Hyderabadis: Recognise these personality traits?
1. Your address reads as 23-404-32/67A-43 (New MCH number 56-678/4A/B-22), while you actually live in the green colour second house beside zamzam cafe in lane behind Anand Theatre on SP Road.
2. You end up buying only a 'paap corn', whether it is a numaish,theatre workshop, food mela, consumer expo, designer jewellery show, science show or an automobile convention.
3. Your street has at least one roadside mobile hotel that serves Chinese delicacies such as " Vegetable soft needles", "Navrotten Kurma", "Chicken Manchewurea" or "American Chompsee".
4. Your answer is 'seedha chale jao' when somebody asks you for directions, whether it is to Malakpet, Masab Tank, Malkajgiri or Moosapet.
5. You come across tailors sporting the board: 'Immidiot delivery in two days onli'.
6.You can speak Hindi, Urdu, hyderabadi hinglish, telenglish…. All except Telugu, fluently.
7.You ask the waiter to get you some ' achaar' even if you are sitting at a lavish continental banquet dinner with exotic Chinese, Mexican, Italian and Lebanese cuisines.
8. You order for a tea just after having had a Caramel custard.
9. You have at least one Srinivas, Prasad, Raju, Rao or Venkatesh within six square feet.
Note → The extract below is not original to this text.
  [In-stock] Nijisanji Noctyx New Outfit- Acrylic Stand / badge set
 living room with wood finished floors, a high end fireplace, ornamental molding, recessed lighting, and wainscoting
OR you have at least one cousin, friend, colleague or acquaintance with these names.
10. You have at least one cousin, friend, colleague or acquaintance in the US in software.
11. Every time somebody gives you a piece of good news, the first thing you ask him or her is 'Party kab hain?'
12. Refer to any past as 'parso', be it yesterday or long before three hundred years.
13. You call 11 AM as subah subah.
14. You label your boss as 'Dimakh Kharab'
15. And it doesn't matter where in the "Gulf/middle east" you are going you always say you are going to "Dubai ". (I know of one family who still keep telling everyone their son is in "uno Dubai mein hai" but he is physically in Yemen for the past 5 years.)
16. You are 15 minutes late and you feel you are on time.
17. You look at the ‘fixed price’ board and still ask 'dene ka bolo'
18. If you do not eat rice at least once a day you will die. (Nothing other than Rice is considered as a meal)
19. You feel offended by someone looking at you (Kaiku ghoorraa be?)
20. You think you are a born shayer and don’t miss an opp. to use some typical filmi batein.
21. While someone does the above, you say ‘chubbe saale, mooh dekh aaine mein.’
22. You can say the typical "Light le le baap" and be cool without analyzing what the situation is.
23. You feel its legal and your Nizami birthright to show your hand and stop the traffic (better than a traffic police) while you cross the road whenever and wherever you like.
24. You can hang out in a Irani cafe the whole day after ordering one-cup tea and a empty saucer for yourself and your dear friend and you chat like thats the last day with each other.
25. You have to eat Paradise Biryani or Bawarchi Biryani atleast once in a month.
26. You go to the Petrol Bunk and say "Panch Point Single Oil maaro yaar" and hand over 15 bucks.
27. You can relate the words 'Nakko', 'Hou' ‘Kaiku’,'hallu' and make these the integral part of your vocabulary.
28. You tell your friend that you will 'just come back' ("abbhi aathu mein") and your friend knows that either you will take a couple of hours or not come back at all.
29. You watch every movie that releases, and end up saying oh! that was ok, but it could be better if it was made this way.
30. You are reading this and secretly admitting that you are, after all, a true blue Hyderabadi. You know one thing... Once a Hyderabadi, always a Hyderabadi... and you will forward this for sure to Hyderabadis ... since only they can relate to it.